Hal itu dikemukakan oleh Presiden Yudhoyono dalam jumpa pers bersama dengan Ketua DPD Ginadjar Kartasasmita seusai rapat konsultasi pemerintah-DPD di Istana Negara, Jakarta, Jumat.
"Itulah yang kita bahas bagaimana tindak lanjutnya, prosesnya seperti apa, kelembagaannya juga seperti apa, untuk kemungkinan penyempurnaan ataupun perubahan sesuai kehendak rakyat," kata Presiden.
Menurut Kepala Negara, jika rakyat menghendaki perubahan dalam konstitusi atau sistem pemerintahan yang memerlukan amandemen UUD 1945 maka harus dipastikan betul-betul komprehensif sebelum diagendakan dalam proses-proses yang lebih terperinci.
"Jika sudah menjadi kehendak rakyat maka kita mengikuti mekanisme yang sudah ada dalam UUD dimana MPR sebagai penjuru," katanya.
Namun, Presiden Yudhoyono menilai jika seandainya rakyat sepakat atas perubahan tersebut maka UUD baru itu akan berlaku pada pemerintahan pasca-Pemilihan Umum 2009.

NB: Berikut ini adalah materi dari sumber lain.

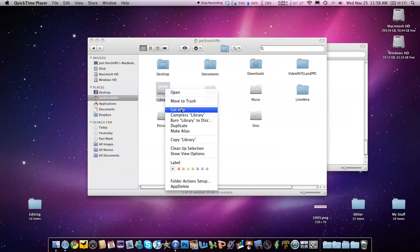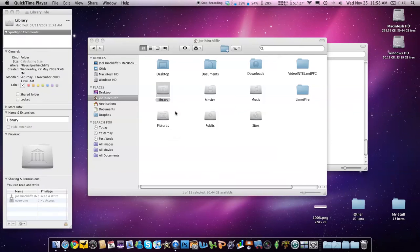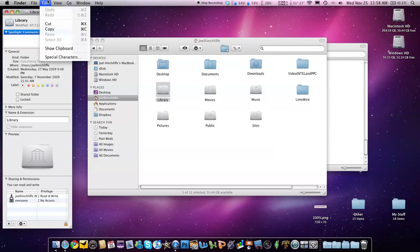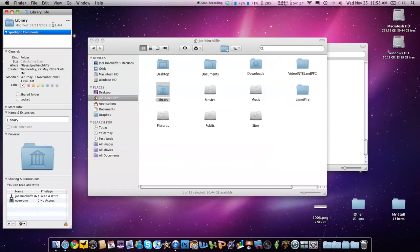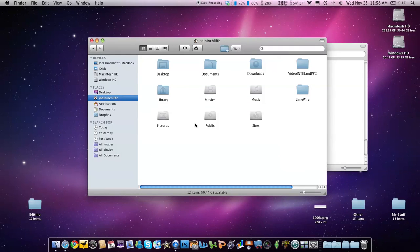just right-click on the icon, or control-click, get info, select the icon, go to Edit, cut, and it will change back to the default icon.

Menurut Kepala Negara, jika dimulai pada awal 2008 maka kerangka waktu yang diperlukan untuk menelaah mencukupi.
Dia juga mengatakan bahwa kajian akan lebih baik jika telaah dilakukan lebih dari sekedar satu atau dua lembaga saja.
Disebutkan mengenai kemungkinan pembentukan panitia, komisi atau kelompok orang pada awal 2008 yang dapat bekerja hingga paruh waktu pertama. Bersamaan dengan itu akan dilakukan survei untuk mengidentifikasi pendapat masyarakat karena Indonesia tidak mengenal sistem referendum, pendapat partai politik atau DPD. Apabila telah selesai dapat disampaikan kepada pemerintah.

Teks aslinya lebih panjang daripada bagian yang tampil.